My “supervisor” was a really cool fellow. He was charged with training me to get the necessary number of appointments to make a living. His name escapes me (since I knew him all of 15 business days, 35 years ago), but I do recall he was cool. I’ll give him the name Freeburg, not for any particular reason, but it’s silly, and that’s my purpose in life.
Freeburg had long blonde hair, a hip mustache (not necessarily a Fu Manchu, but long) and he wore sunglasses. He was a Hippie in a suit. Now, my interest was in providing for my family, but Freeburg was there to get lucky. And he did. Quite a few times (it was the era of free love). The ladies of the time liked the look, he was intelligent and spoke very well, and he was always stoned, so his mellowness apparently was a draw.
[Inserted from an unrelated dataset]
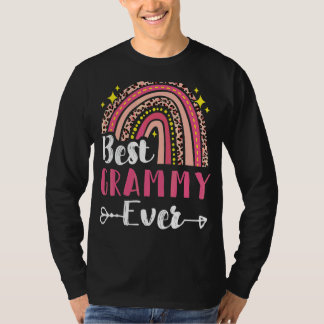 Best Grammy Ever Mother's Day Rainbow Pink Leopard T-Shirt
I wanted to learn my trade, and quite honestly I really sucked at it. Freeburg often disappeared into the nearby alley to toke on a small pipe. Once he was sufficiently high, he would direct me how to talk, but somehow it wasn’t particularly intelligible. My animated, freakish mumbling at the women who walked by seemed more like Quasimodo communicating with Esmeralda.
Picture this. It’s 1973, and everyone had long hair. I, on the other hand, had short, closely cropped bangs (think Jim Carrey in Dumb and Dumber); being out of the military for just over three weeks. Combine that sight with my pencil-thin mustache, which looked more like groomed nostril hairs and you have a pretty good idea of my handicap. Take your pick; the contemporary, handsome, long blonde-haired guy, stoned and mellow, with sunglasses and a cool mustache, or the jittery dork, with the sneaky-looking nose hairs, wearing a polyester suit and platform shoes, desperately seeking a dollar, who looks like he just fell off the lettuce truck. As you can guess, there weren’t many appointments in my future.
I did get one. She probably felt sorry for me. Either that, or she really needed a rain hat. That evening, I went to Debbie’s (I remembered her name) apartment in Wheaton and knocked on the door. During my last few months in Taiwan, I had several suits tailored (very cheaply) in the finest polyester double-knit fabric available. My duds were proudly displayed on my slim body. That particular day, I was wearing my rust-colored, maxi-patterned, plaid suit (similar to the picture). The shirt was beige; accented with a fine, matching non-silk tie. In my left hand dangled the handle of my sample case. One of her roommates came to the door and fingered my lapel and said, “Really nice,” in as sarcastic a way as he could. But, he invited me in. This was the opening scene in Death of a Salesman.
He immediately and proudly showed me the marijuana plant growing in the hall closet. “I suspect you don’t know the purpose of my visit,” I thought. So I nodded and said, “It looks very healthy (as if I knew).” But, I was thinking, “I need a sale.” Debbie walked out of the kitchen to greet me, and two other female roommates came out of the bedroom to say hello. The Botanist was the only male living with three women, all very cute. Then they asked if I wanted to party. Tempting as it was, I had to leave. There was no way a sale would be made among this group, and it didn’t really matter why my prospect agreed to allow me to come by (even though it was intriguing). I pulled the packaged rain hat out of my suit pocket and gave it to Debbie, but Botany Man grabbed it, peeled off the wrapper, and put it on his head. “Really nice,” I said in as sarcastic a way as I could, politely thanked everyone for their time, and left.
That was my first and last appointment. As ridiculous as it was, I had fun in a weird sort of way; however, that was not the job for me.
Still, I always wondered if the waterless cookware really worked.